I can't hear the men. Only the women.
"Me, no I wouldn't buy a man, but I'd sure have sex with one if someone else bought him."
So, I just watch, listen, think about the fact that we're in The Study - this upscale hotel with an upscale pretense of a bar in the middle of New Haven on a Thursday night and really I'm just looking for the gays when I know they are down the street at the working class bar called Partners where I've hung out every time I go straight crazy, and listening to two black women talk about how they would sleep with a bought ANYTHING.

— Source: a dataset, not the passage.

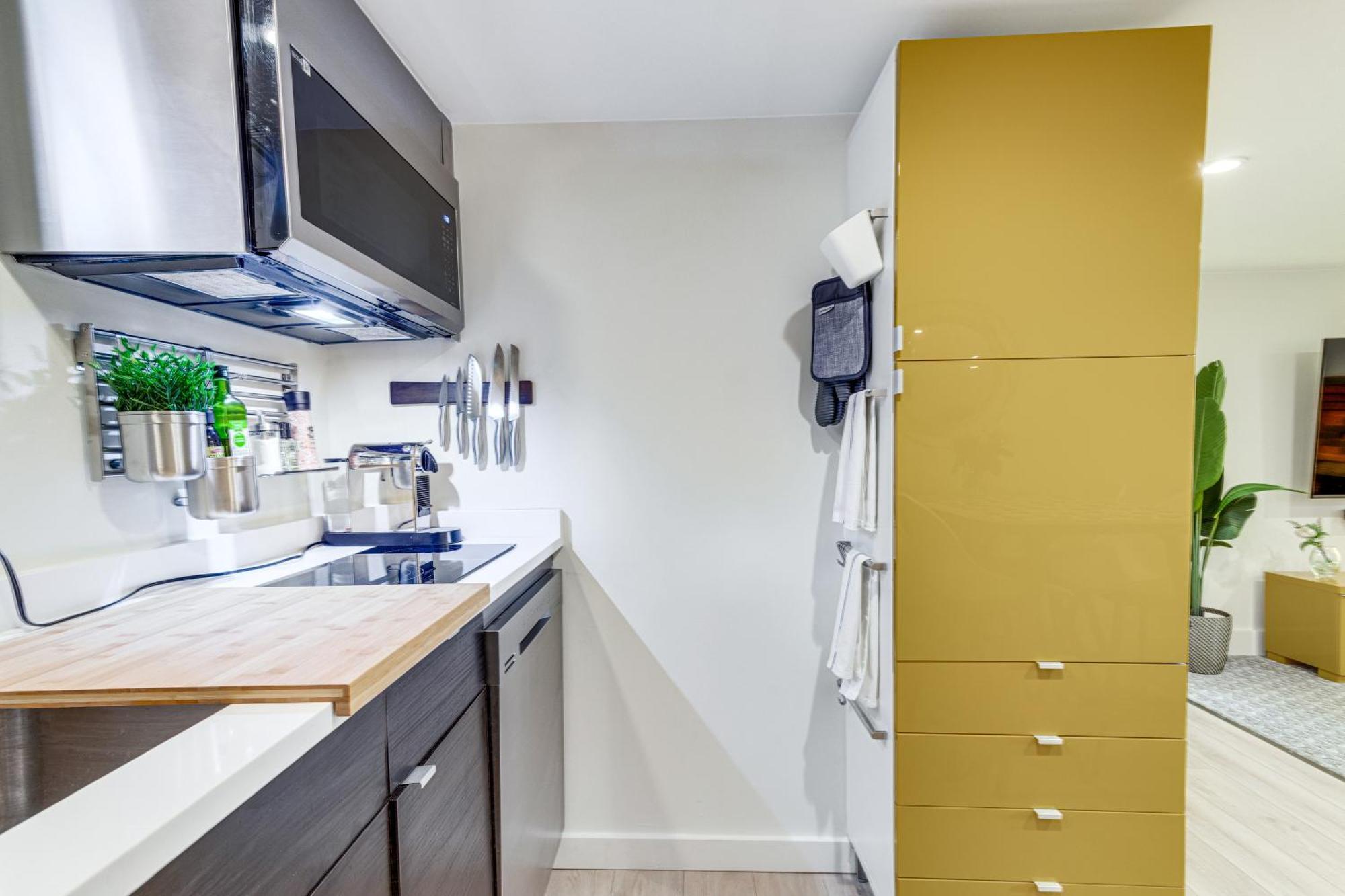 Stylish Pet-friendly Gem, 2 Mi To Downtown! *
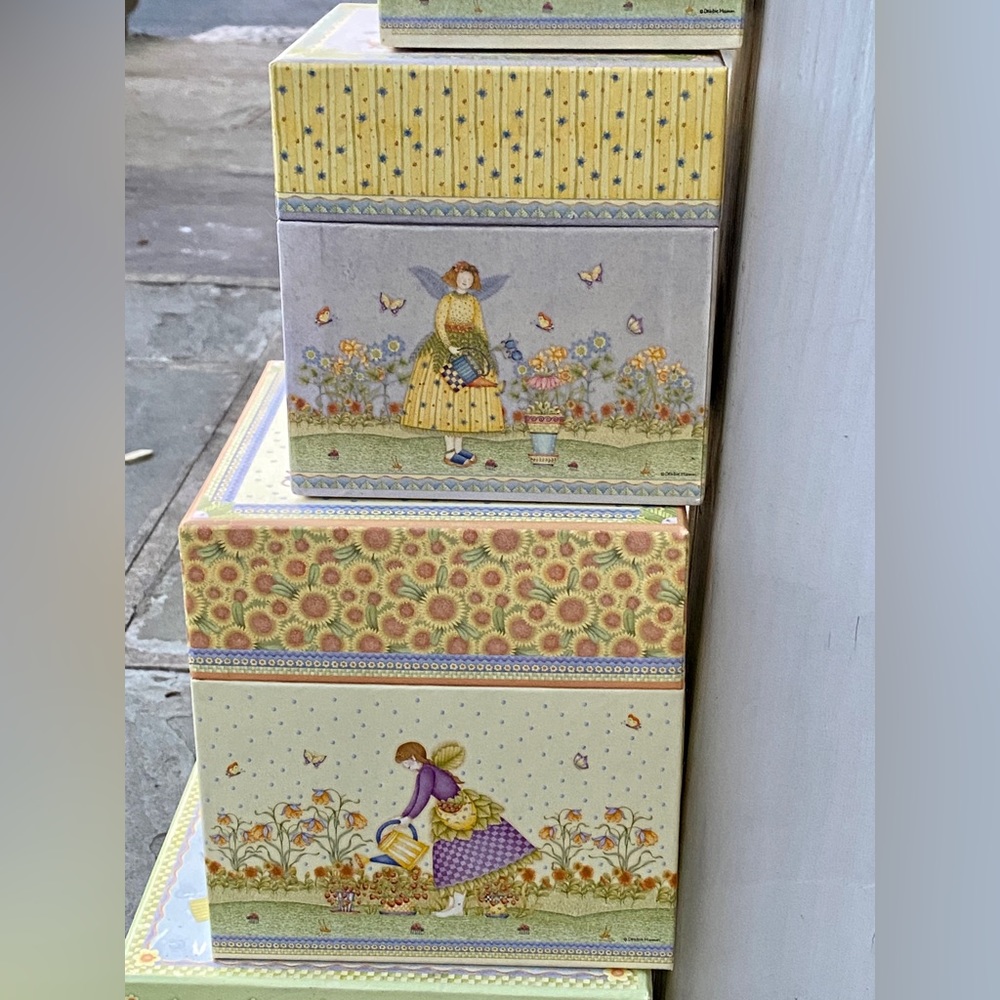 Debbie Mumm 5 Nesting boxes - Picture 9 of 16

I'm not against sex work. Really, truly I'm not. I just think it's intense how casual it can be to talk about buying anyone. And how flesh is once again reduced to sex.
So, I watch the rest of the baseball game, actually enjoying it, and then infiltrate the Yale Rep after party. I feel at home in the midst of all the theatre folks. I am at home. After my brief "What the fuck am I doing in a PhD in Anthro?" moment, cured by the satay and the first glass of Shiraz, I actually start a conversation with one of the theatre folk and have a blast. I could almost believe that I had found the gays, since so many of the theatre folk were of that inclination. Alas.
And then, it's over. And I start heading out the door. And then I see them: the non-theatre gays. They are really there. Turns out, they were in the PENTHOUSE. Of course. How could I have made such a mistake?
So I head upstairs with AL, who has agreed to join me in my debut entrance to Yale gay anything. And there they are. The doors to the Penthouse open, the view is stunning and the room is full of...boys. And then I see them.
And I proceed to horrify them over my second glass of Shiraz. And then say goodnight.
I stumble home across New Haven streets up to my apartment where I text AL. She had to leave for the sake of homework. I stayed, talking about something. Feeling old. Like some drunken organizing veteran sharing war stories.